• _EXERCISE REQUIREMENTS_:
Retype the data that follows exactly. No pictures belong in the copy.

——————

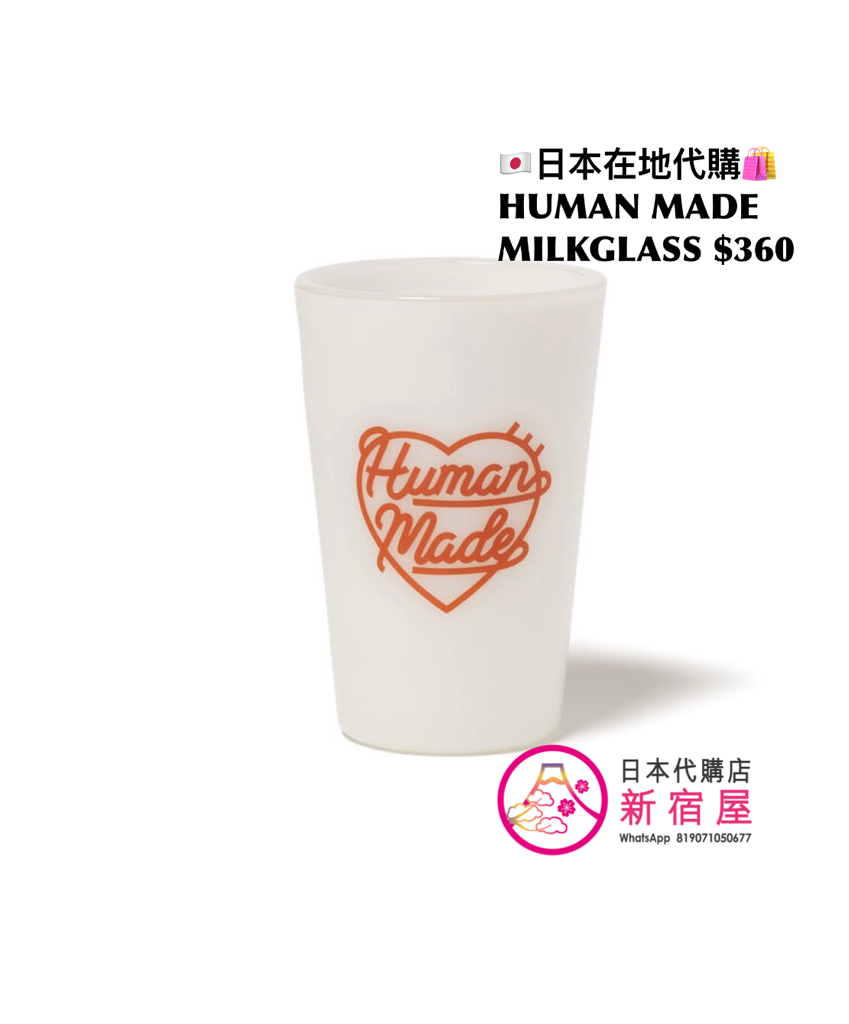 HUMAN MADE MILKGLASS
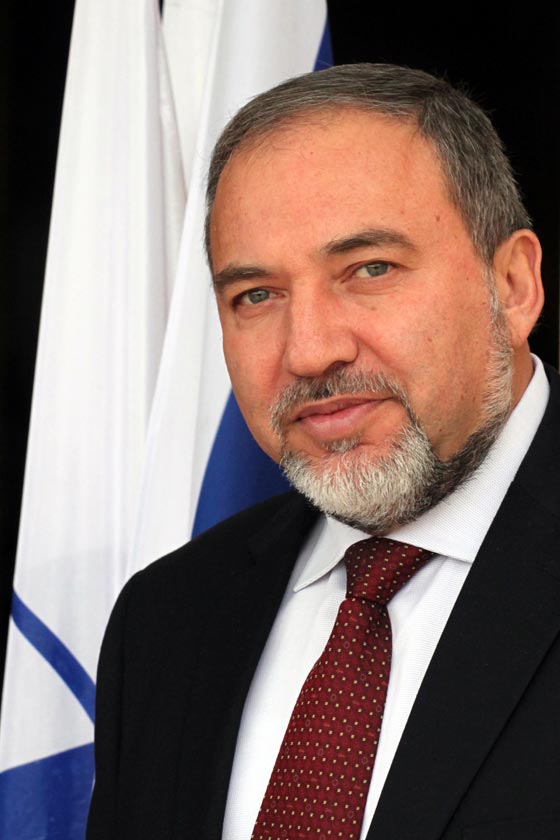 نتنياهو يستجير بواشنطن لالغاء قرار التحقيق العالمي في الجرف الصامد صورة رقم 8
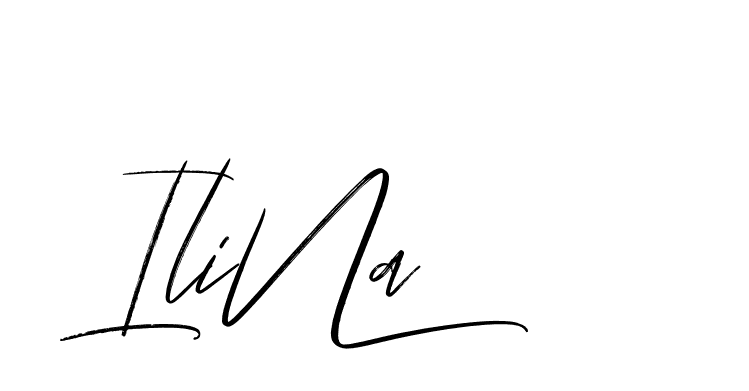 The best way (Bakelony-MV7LY) to make a short signature is to pick only two or three words in your name. The name Ceard include a total of six letters. For converting this name. Ceard signature style 2 images and pictures png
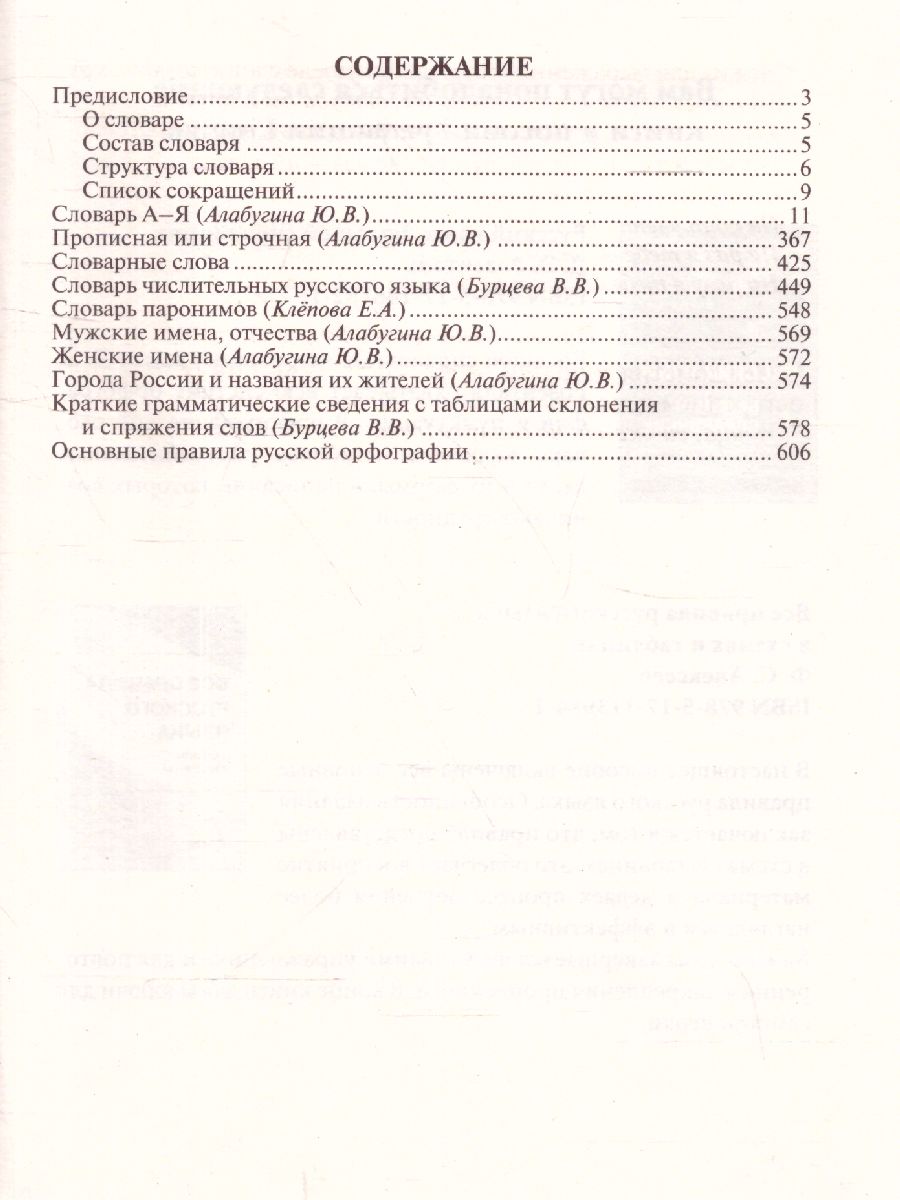 Обложка книги Новый орфографический словарь русского языка для школьников, Автор Алабугина Ю.В., издательство АСТ | купить в книжном магазине Рослит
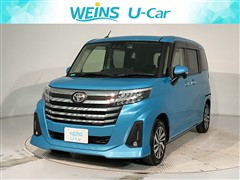 ルーミー カスタムG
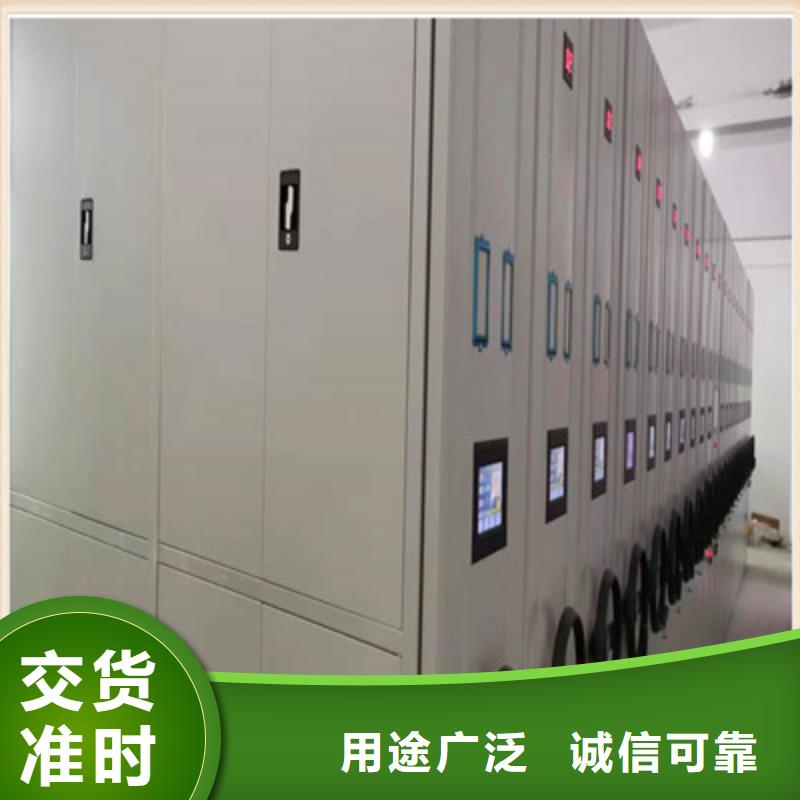 服务优先【鑫康】手动智能密集架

——————

• _EXERCISE RESPONSE_:
 HUMAN MADE MILKGLASS
 نتنياهو يستجير بواشنطن لالغاء قرار التحقيق العالمي في الجرف الصامد صورة رقم 8
 The best way (Bakelony-MV7LY) to make a short signature is to pick only two or three words in your name. The name Ceard include a total of six letters. For converting this name. Ceard signature style 2 images and pictures png
 Обложка книги Новый орфографический словарь русского языка для школьников, Автор Алабугина Ю.В., издательство АСТ | купить в книжном магазине Рослит
 ルーミー カスタムG
 服务优先【鑫康】手动智能密集架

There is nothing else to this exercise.